- [How to complete this task]: Only the lines below between the ones containing "An indoor swimming" and "Several tortilla roll-ups", inclusive, are to be reproduced, each exactly as it stands.

(Brief descriptive captions)
:::
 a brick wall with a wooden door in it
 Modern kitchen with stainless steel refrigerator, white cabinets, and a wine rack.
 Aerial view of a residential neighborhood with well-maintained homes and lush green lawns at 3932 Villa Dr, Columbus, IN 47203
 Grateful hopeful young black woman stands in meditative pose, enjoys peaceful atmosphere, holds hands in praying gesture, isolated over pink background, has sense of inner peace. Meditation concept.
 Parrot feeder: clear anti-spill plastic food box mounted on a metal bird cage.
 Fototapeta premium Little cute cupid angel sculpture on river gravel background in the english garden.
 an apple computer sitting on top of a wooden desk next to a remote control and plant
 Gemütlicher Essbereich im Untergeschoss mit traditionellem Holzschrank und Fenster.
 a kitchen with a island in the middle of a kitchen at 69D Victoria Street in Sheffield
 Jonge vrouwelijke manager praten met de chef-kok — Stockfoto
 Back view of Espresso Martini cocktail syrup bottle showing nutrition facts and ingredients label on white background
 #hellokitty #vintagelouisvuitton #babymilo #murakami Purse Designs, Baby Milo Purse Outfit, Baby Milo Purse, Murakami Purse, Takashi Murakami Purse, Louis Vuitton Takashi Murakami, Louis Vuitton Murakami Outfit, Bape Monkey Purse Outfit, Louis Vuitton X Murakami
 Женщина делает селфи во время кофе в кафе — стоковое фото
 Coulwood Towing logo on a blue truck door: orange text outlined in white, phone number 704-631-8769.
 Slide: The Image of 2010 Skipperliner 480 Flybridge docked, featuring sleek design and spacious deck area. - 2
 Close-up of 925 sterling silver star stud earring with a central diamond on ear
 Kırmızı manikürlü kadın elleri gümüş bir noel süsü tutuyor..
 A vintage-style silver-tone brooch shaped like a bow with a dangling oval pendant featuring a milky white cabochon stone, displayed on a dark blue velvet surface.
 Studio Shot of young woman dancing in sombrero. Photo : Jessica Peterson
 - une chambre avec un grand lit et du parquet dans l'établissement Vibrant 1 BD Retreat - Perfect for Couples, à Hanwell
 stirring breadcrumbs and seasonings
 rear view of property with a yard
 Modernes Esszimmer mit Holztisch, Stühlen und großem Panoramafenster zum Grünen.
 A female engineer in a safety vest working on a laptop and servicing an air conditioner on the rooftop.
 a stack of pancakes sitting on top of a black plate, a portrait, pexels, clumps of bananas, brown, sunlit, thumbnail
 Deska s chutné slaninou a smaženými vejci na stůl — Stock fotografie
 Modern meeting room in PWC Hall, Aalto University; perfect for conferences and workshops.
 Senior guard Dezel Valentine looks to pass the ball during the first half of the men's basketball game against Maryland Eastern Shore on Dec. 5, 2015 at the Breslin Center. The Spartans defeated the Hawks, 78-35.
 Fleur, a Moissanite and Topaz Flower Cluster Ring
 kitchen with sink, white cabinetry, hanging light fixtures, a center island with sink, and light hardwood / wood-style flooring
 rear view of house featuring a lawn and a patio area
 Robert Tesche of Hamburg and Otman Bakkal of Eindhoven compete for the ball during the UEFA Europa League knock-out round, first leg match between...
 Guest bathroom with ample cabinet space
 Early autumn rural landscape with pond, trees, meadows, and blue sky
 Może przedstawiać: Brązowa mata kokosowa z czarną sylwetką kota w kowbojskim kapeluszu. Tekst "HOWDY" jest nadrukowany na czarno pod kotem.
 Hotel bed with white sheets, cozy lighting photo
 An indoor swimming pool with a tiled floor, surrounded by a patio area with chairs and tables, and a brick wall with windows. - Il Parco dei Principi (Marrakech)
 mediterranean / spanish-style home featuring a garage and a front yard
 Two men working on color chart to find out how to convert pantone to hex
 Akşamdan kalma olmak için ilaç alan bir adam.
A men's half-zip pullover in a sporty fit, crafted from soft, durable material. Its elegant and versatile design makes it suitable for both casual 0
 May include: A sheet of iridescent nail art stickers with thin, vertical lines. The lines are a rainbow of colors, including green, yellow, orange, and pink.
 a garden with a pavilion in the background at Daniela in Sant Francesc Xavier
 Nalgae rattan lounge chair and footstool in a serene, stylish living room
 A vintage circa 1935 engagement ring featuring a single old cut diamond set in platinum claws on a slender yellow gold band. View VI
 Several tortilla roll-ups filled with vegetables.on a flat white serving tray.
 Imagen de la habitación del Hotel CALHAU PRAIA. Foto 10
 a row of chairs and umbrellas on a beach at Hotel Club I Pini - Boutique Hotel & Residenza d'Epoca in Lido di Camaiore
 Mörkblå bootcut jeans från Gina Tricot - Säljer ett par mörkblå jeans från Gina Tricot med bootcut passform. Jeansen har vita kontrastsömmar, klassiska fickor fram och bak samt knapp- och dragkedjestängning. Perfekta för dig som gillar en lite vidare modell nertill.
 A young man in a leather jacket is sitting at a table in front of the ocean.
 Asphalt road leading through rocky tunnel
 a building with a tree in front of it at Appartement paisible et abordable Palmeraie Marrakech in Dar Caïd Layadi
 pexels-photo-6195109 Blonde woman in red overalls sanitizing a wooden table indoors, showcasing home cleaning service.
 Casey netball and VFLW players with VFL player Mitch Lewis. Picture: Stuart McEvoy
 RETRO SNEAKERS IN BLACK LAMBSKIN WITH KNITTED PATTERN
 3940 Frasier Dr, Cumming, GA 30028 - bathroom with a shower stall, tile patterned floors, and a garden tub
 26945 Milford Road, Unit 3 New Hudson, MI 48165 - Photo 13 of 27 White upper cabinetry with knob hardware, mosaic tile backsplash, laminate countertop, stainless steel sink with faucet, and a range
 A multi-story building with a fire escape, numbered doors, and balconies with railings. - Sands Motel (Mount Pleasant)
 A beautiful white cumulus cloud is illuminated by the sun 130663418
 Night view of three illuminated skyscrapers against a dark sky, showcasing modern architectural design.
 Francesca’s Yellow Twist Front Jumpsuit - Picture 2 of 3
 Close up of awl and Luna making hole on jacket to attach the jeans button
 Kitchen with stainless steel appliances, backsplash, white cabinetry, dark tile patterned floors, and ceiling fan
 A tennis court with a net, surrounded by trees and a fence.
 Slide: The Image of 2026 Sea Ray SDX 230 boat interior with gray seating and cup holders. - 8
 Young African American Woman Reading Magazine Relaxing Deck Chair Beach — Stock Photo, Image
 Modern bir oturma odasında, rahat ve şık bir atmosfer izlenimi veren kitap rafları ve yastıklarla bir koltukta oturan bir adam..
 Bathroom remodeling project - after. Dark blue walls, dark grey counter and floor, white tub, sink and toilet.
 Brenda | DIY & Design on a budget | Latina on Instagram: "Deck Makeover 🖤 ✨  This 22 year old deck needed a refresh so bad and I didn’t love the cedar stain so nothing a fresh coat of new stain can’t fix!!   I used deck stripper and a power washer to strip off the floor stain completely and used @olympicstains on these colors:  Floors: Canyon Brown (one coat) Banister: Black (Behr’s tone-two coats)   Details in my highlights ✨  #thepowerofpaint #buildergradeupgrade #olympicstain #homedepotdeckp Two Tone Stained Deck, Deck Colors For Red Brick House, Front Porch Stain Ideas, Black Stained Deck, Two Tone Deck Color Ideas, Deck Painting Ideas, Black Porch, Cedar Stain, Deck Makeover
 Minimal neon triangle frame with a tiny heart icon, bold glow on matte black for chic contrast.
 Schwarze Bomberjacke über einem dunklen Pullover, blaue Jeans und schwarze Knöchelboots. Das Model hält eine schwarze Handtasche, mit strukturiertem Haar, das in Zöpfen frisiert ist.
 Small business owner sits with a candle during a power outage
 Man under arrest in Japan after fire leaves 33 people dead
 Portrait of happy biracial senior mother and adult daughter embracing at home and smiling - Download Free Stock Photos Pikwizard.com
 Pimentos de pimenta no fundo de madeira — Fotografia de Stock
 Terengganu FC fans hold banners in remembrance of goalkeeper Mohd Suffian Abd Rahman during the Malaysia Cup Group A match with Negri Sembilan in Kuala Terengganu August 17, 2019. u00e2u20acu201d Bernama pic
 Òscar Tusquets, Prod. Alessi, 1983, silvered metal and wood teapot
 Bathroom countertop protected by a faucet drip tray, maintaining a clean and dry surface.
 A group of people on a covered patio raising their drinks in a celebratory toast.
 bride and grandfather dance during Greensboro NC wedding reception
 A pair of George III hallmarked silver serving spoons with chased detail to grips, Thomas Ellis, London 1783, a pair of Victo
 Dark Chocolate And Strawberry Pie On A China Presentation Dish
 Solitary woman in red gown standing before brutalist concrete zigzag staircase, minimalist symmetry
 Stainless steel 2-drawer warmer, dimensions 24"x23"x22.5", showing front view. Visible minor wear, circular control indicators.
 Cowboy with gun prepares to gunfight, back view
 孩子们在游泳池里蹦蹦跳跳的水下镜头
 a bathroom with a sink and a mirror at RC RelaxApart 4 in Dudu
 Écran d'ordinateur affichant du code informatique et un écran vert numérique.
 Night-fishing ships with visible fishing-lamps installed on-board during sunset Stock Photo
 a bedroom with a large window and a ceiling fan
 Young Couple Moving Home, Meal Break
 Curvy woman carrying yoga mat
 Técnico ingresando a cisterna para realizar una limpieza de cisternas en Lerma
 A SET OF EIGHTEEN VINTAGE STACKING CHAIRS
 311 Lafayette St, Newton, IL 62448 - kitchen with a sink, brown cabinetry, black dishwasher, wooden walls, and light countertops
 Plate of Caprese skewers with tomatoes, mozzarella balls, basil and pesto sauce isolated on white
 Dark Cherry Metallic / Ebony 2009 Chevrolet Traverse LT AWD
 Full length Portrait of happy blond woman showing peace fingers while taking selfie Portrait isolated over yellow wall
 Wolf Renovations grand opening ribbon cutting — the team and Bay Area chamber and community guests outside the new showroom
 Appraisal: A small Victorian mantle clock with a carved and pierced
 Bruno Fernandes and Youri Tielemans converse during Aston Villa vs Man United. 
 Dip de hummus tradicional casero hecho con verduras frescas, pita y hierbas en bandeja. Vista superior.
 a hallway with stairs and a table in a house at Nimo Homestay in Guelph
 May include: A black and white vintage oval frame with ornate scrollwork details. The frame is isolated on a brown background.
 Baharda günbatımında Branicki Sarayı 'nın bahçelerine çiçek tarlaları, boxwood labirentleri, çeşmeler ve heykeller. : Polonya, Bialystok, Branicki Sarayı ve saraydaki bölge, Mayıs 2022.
:::
- [Your solution]:
 An indoor swimming pool with a tiled floor, surrounded by a patio area with chairs and tables, and a brick wall with windows. - Il Parco dei Principi (Marrakech)
 mediterranean / spanish-style home featuring a garage and a front yard
 Two men working on color chart to find out how to convert pantone to hex
 Akşamdan kalma olmak için ilaç alan bir adam.
A men's half-zip pullover in a sporty fit, crafted from soft, durable material. Its elegant and versatile design makes it suitable for both casual 0
 May include: A sheet of iridescent nail art stickers with thin, vertical lines. The lines are a rainbow of colors, including green, yellow, orange, and pink.
 a garden with a pavilion in the background at Daniela in Sant Francesc Xavier
 Nalgae rattan lounge chair and footstool in a serene, stylish living room
 A vintage circa 1935 engagement ring featuring a single old cut diamond set in platinum claws on a slender yellow gold band. View VI
 Several tortilla roll-ups filled with vegetables.on a flat white serving tray.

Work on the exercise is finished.